__EXERCISE REQUIREMENTS__: In the listing below, locate the line that contains "The Nicaragua Flag" and the line that contains "miumiu/ジップジャージ/茶/40". Restate word for word those two lines and every line between them, and nothing else.

__SOURCE MATERIAL__:
========================================

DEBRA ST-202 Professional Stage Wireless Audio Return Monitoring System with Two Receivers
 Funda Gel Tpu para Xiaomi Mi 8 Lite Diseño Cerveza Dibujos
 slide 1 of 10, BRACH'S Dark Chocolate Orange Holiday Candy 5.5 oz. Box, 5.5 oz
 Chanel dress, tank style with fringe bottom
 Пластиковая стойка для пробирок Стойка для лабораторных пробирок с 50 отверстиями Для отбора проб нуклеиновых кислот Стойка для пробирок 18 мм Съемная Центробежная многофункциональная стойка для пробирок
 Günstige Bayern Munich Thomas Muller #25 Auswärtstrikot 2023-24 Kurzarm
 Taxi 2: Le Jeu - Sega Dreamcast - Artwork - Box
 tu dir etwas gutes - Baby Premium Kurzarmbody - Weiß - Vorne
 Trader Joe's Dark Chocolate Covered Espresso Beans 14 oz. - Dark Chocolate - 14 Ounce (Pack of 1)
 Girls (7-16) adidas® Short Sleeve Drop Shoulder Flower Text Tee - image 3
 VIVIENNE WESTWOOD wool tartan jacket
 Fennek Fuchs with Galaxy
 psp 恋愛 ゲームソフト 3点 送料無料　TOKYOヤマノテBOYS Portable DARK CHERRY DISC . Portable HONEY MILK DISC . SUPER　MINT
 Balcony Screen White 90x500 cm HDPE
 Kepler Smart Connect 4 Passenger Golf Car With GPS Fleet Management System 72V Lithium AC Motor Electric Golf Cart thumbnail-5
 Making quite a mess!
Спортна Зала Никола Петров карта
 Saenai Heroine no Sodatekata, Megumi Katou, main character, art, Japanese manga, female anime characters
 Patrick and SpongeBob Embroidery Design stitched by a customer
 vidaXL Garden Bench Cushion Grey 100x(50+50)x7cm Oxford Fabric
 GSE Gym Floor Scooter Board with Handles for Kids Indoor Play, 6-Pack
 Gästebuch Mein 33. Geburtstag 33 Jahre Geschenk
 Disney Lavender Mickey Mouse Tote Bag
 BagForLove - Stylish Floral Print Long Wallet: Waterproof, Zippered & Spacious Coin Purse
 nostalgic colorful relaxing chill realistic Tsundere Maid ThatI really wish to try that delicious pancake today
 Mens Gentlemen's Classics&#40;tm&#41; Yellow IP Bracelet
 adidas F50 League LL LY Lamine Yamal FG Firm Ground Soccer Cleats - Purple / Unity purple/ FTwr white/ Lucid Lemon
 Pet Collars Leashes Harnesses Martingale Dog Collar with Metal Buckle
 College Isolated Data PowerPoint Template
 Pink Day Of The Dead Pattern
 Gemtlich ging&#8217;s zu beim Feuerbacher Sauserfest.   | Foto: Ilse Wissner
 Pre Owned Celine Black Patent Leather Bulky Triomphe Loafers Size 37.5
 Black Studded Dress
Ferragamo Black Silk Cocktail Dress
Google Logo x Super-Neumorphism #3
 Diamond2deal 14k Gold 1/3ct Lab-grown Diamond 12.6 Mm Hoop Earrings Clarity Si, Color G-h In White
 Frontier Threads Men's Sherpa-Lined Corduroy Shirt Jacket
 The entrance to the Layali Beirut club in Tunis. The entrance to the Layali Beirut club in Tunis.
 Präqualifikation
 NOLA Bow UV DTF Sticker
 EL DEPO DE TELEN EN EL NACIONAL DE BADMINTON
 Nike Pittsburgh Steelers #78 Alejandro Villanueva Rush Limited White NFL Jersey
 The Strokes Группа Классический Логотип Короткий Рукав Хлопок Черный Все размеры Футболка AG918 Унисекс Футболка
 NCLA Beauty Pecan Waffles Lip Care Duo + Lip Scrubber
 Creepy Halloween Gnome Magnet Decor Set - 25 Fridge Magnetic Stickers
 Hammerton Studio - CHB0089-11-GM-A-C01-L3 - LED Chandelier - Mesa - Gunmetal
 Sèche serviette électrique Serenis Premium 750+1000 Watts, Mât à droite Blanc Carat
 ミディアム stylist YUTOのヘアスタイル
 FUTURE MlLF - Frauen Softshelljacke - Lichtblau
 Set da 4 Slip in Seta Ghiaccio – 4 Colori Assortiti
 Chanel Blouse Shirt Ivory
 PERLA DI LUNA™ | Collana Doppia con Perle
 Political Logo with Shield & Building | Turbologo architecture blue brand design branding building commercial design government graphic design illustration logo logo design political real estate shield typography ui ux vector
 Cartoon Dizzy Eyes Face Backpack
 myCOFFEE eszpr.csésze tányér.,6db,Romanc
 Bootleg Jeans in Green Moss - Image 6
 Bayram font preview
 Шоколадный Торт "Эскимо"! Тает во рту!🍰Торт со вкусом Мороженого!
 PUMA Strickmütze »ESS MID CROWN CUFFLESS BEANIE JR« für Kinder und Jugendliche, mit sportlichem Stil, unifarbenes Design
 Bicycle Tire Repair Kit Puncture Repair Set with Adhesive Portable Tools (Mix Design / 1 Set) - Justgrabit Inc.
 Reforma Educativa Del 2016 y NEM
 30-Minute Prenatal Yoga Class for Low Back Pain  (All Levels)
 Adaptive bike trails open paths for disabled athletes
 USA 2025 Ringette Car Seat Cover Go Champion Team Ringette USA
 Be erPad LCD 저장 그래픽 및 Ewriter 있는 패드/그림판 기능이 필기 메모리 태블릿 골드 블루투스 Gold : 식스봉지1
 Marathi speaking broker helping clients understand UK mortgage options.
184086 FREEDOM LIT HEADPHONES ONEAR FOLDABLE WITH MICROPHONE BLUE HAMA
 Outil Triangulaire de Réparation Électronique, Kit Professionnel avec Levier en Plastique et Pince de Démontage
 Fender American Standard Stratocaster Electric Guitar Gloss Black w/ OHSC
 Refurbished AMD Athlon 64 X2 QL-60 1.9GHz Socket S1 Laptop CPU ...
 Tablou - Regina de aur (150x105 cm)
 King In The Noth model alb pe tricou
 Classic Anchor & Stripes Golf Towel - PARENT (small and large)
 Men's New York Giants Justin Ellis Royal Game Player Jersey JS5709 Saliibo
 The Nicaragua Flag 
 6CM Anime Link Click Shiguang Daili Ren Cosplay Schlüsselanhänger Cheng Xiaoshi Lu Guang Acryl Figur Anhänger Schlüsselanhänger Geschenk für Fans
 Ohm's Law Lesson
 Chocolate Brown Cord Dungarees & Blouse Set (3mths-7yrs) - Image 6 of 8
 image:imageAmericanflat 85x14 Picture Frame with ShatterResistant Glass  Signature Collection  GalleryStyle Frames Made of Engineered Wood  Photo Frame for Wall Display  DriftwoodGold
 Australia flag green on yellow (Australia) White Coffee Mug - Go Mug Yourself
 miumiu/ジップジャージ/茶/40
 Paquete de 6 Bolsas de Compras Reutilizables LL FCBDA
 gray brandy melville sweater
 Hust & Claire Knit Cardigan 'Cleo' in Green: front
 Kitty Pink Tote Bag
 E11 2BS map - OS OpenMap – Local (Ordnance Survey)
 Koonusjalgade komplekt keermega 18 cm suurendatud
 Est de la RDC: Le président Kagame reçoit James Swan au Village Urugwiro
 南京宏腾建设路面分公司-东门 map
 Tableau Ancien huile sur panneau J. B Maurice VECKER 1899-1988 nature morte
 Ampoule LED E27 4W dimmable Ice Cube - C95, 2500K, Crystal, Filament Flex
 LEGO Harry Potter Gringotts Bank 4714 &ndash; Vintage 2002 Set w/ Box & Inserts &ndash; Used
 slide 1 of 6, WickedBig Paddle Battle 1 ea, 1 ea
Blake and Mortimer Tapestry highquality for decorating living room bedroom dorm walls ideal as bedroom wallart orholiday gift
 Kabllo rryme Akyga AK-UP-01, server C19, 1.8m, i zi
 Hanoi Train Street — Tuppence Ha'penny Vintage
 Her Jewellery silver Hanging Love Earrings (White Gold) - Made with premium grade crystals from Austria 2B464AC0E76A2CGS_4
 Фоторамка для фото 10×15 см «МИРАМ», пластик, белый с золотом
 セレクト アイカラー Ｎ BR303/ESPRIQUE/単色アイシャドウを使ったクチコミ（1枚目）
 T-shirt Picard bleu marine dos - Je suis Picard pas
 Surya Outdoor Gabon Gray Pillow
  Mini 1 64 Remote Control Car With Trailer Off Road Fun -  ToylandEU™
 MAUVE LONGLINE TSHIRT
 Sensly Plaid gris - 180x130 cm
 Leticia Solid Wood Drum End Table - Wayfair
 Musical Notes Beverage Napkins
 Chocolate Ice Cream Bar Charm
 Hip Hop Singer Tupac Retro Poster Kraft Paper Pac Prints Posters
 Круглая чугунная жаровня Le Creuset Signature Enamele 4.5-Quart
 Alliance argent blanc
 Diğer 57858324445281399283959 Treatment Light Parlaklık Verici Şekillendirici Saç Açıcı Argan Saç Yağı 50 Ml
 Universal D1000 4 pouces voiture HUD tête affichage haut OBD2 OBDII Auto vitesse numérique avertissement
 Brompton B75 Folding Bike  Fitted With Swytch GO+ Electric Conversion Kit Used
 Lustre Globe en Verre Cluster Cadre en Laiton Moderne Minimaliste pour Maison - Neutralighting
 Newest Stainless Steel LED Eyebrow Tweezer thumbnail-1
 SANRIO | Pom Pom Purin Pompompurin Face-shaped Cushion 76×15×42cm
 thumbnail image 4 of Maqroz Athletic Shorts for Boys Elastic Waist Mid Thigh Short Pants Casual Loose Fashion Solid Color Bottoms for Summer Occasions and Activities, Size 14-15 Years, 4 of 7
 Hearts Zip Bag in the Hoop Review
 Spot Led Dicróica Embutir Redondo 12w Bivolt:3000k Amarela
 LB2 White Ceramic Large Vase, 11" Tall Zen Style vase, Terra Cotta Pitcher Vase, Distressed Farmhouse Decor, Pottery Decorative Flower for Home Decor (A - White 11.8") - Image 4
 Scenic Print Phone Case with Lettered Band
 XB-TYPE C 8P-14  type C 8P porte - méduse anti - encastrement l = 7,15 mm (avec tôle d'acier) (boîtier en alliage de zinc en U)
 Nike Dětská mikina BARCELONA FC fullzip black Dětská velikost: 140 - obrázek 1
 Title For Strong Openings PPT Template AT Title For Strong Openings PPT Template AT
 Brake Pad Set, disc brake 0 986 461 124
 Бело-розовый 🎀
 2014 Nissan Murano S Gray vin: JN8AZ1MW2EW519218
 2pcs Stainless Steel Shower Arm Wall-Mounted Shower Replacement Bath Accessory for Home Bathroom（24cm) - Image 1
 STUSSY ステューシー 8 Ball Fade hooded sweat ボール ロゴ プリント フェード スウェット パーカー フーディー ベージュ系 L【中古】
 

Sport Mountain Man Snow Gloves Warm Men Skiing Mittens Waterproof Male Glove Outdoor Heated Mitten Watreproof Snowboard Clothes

========================================

__RESULT OF THE TASK__:
 The Nicaragua Flag 
 6CM Anime Link Click Shiguang Daili Ren Cosplay Schlüsselanhänger Cheng Xiaoshi Lu Guang Acryl Figur Anhänger Schlüsselanhänger Geschenk für Fans
 Ohm's Law Lesson
 Chocolate Brown Cord Dungarees & Blouse Set (3mths-7yrs) - Image 6 of 8
 image:imageAmericanflat 85x14 Picture Frame with ShatterResistant Glass  Signature Collection  GalleryStyle Frames Made of Engineered Wood  Photo Frame for Wall Display  DriftwoodGold
 Australia flag green on yellow (Australia) White Coffee Mug - Go Mug Yourself
 miumiu/ジップジャージ/茶/40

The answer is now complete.